YEREL SEÇİMLERİN KENDİNE ÖZGÜ DİNAMİKLERİ VAR

30 Mart seçimlerinde o nedenle seçmen davranışlarında değişiklikler olmadı. AK Parti'nin oyları 2011'de yüzde 49.9'du, yüzde 45,4’e düştü. Oy oranı düşmüş gibi görünse de aslında bunun operasyonlarla, konuşulanlarla, yazılıp çizilenlerle ilgisi yoktu. Çünkü yerel seçimlerin kendine özgü dinamikleri vardı. Yerel seçimlerde oy oranı küçük partiler toplamda bir hayli oy alırlar. "Diğer" dediğimiz partilerin toplamı asgari yüzde 10'lar civarında olur, 2014 Yerel seçimlerinde de böyle oldu. Çünkü, yerel seçimlerde her partinin belediye başkan adayı var, belediye meclis üyesi adayı var, büyükşehir değilse il genel meclisi adayı var, bunların akrabaları var. Sadece adaylar ve yakınları oy verse siyasi partinin belli bir miktarda oyu oluyor, o yüzden yerel seçimlerde daha parçalı bir oy dağılımı ortaya çıkıyor. Bir de ülke barajı gibi bir baraj yok en çok oyu alan kazanıyor.
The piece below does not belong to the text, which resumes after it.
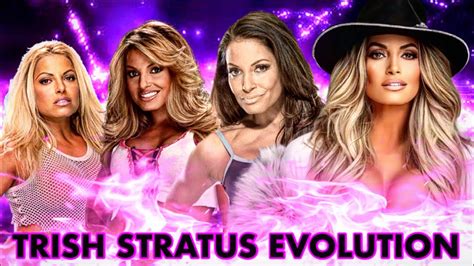 The evolution of Trish Stratus: photos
SEÇMENİN KAFASI KARIŞMIŞTI

Özetle toparlayacak olursak, 2011'e göre 2014 yerel seçimlerinde çok büyük değişiklikler olmadığını gördük. Daha doğrusu seçmenin kafası da karışmıştı. 17-25 Aralık operasyonları için "acaba bu bir darbe mi", "bu bir yolsuzluk operasyonu mu" soruları ve kavram karmaşası içerisinde insanlar seçime gitti.

-Sonuçlara bakarsa, halkın çoğunluğu operasyonların darbe olduğuna mı karar verdi?
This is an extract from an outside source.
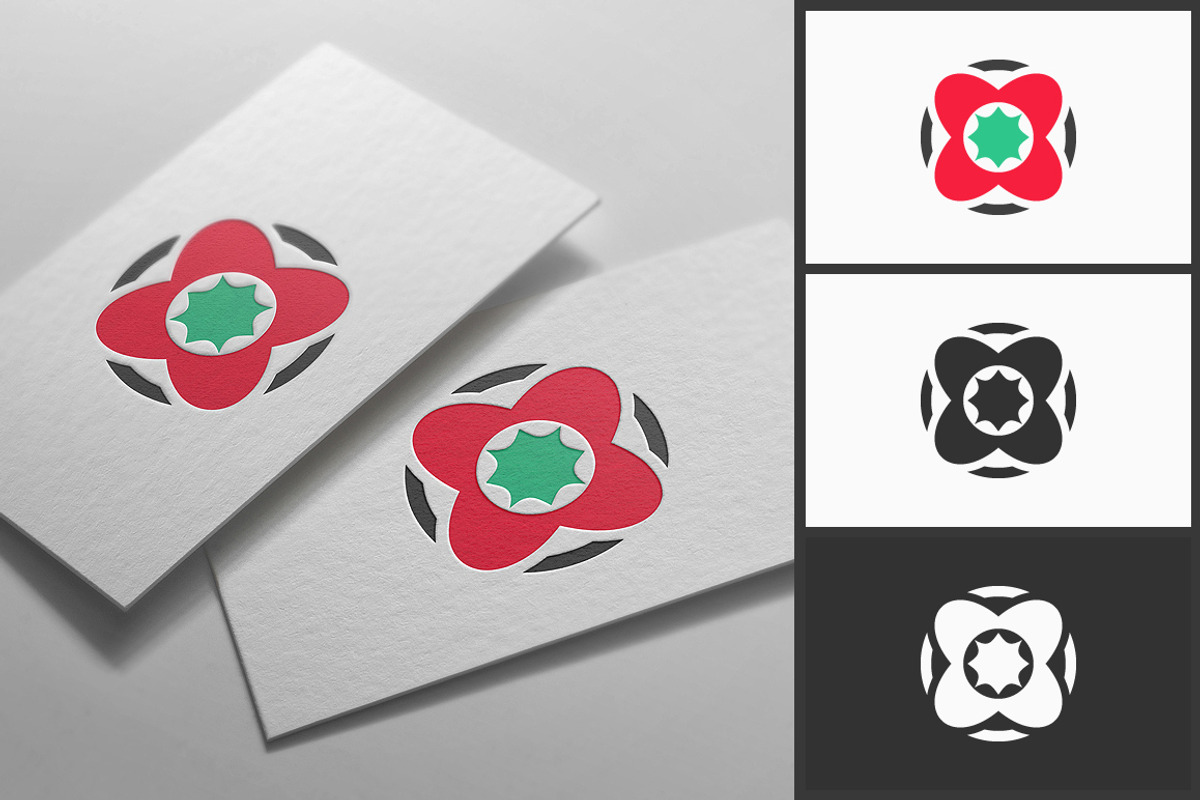 9 Vector Logo Elements - Bundle 04, a Branding & Logo Template by MAOV (Photo 10 of 14)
30 MART'TA DA BÖYLEYDİ BUGÜN DE BÖYLE

Ergenekon'da, Balyoz'da nasıl değerlendirdilerse üç aşağı beş yukarı aynı eğilimlerle değerlendirdiler. Türkiye'de seçmenler yıllardır inanılmaz şekilde kutuplaştı. Siyasetçiler tarafından bilerek kutuplaştırıldı. AK Parti'ye oy veren seçmenlerin çok büyük bir çoğunluğu bunu bir darbe olarak değerlendirdi, CHP, MHP'ye oy veren seçmenlerin önemli bir bölümü ise bunu bir yolsuzluk operasyonu olarak değerlendirdi. Kutuplaşma öyle tehlikeli bir şey ki, insanların objektif değerlendirme yeteneğini elinden alıyor. Hala da geldiğimiz noktada yaptığımız araştırmalarda aynı eğilimin devam ettiğini görüyoruz. Biz Türkiye gündemine giren hangi konu olursa olsun hep oy vermeyi düşündüğümüz partinin görüşü doğrultusunda hareket ediyoruz, onun dışında aykırı sesler çok cılız sesler çıkıyor. Bu, 30 Mart'ta da böyleydi bugün de böyle.
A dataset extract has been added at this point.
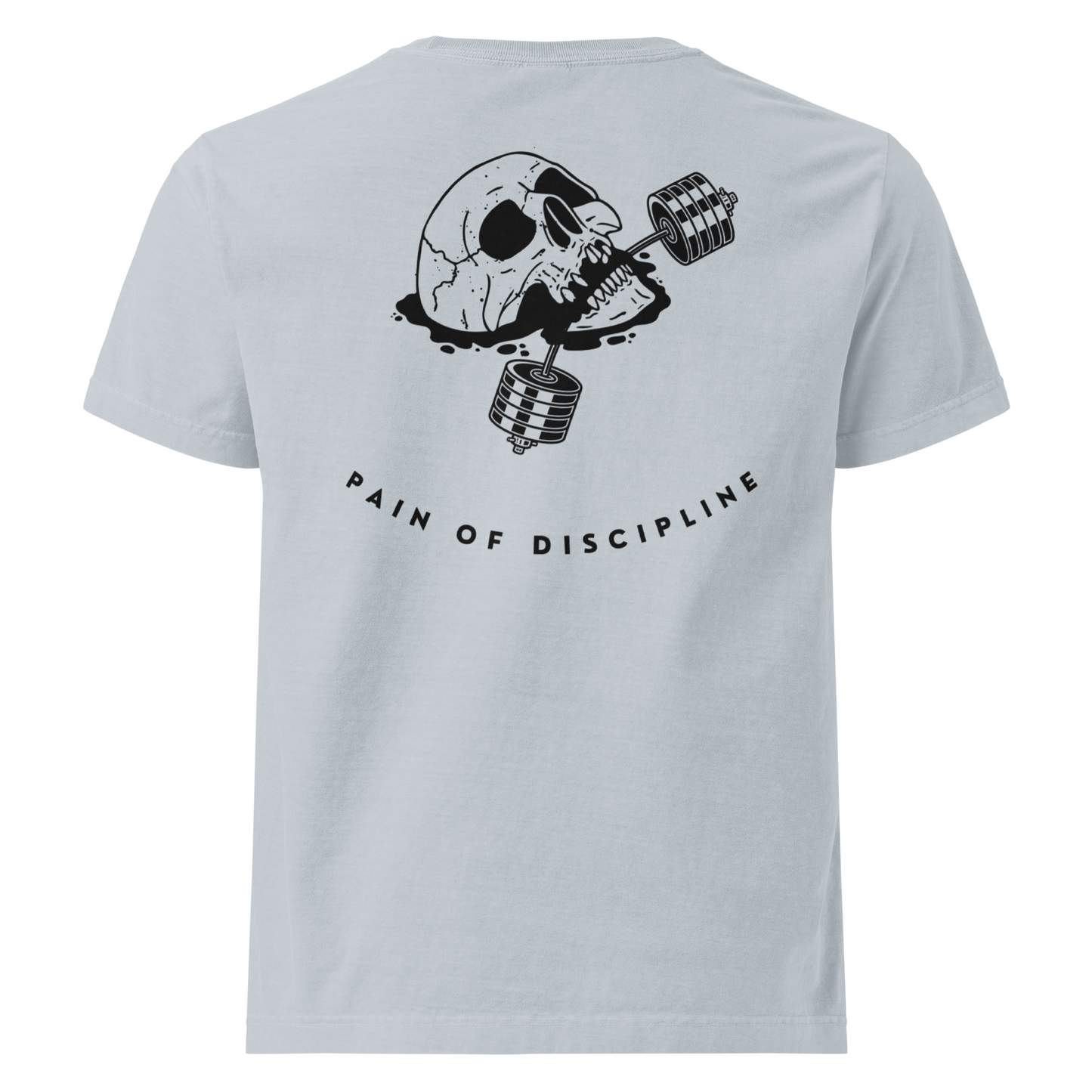 Pain of Discipline: Unisex oversized t-shirt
-2015'e de operasyonlar gölgesinde giriyoruz. Bu kez cemaate bir operasyon yapıldı, 2014 penceresinden bakarsak 2015'e nasıl giriyoruz?

EN KAPSAMLI ANKETİN SONUÇLARI

Sadece 2014'te değil, 2013'te Gezi sürecinin yaşandığı günlerde bile yaptığımız araştırmalarda hep ısrarla altını çizerek hep aynı şeyi söyledik, az önce de onun altını çizmiştim; seçmen davranışını belirleyen en önemli şey ekonomi. Biz 2015'e giderken, eğer seçimler zamanında yapılırsa önümüzde 5 ay gibi bir süre var. Bu süre içerisindeki gelişmeler birinci belirleyici temel etken olacak, ikinci belirleyici etken ise çözüm süreci dediğimiz süreç olacak. Bundan birkaç hafta önce Türkiye genelinde belki bugüne kadar yapılmış en kapsamlı araştırmalardan birini gerçekleştirdik. "Türkiye'nin en önemli sorunu nedir?" sorusunu sorduk, bu soruda hiçbir şık belirtmedik.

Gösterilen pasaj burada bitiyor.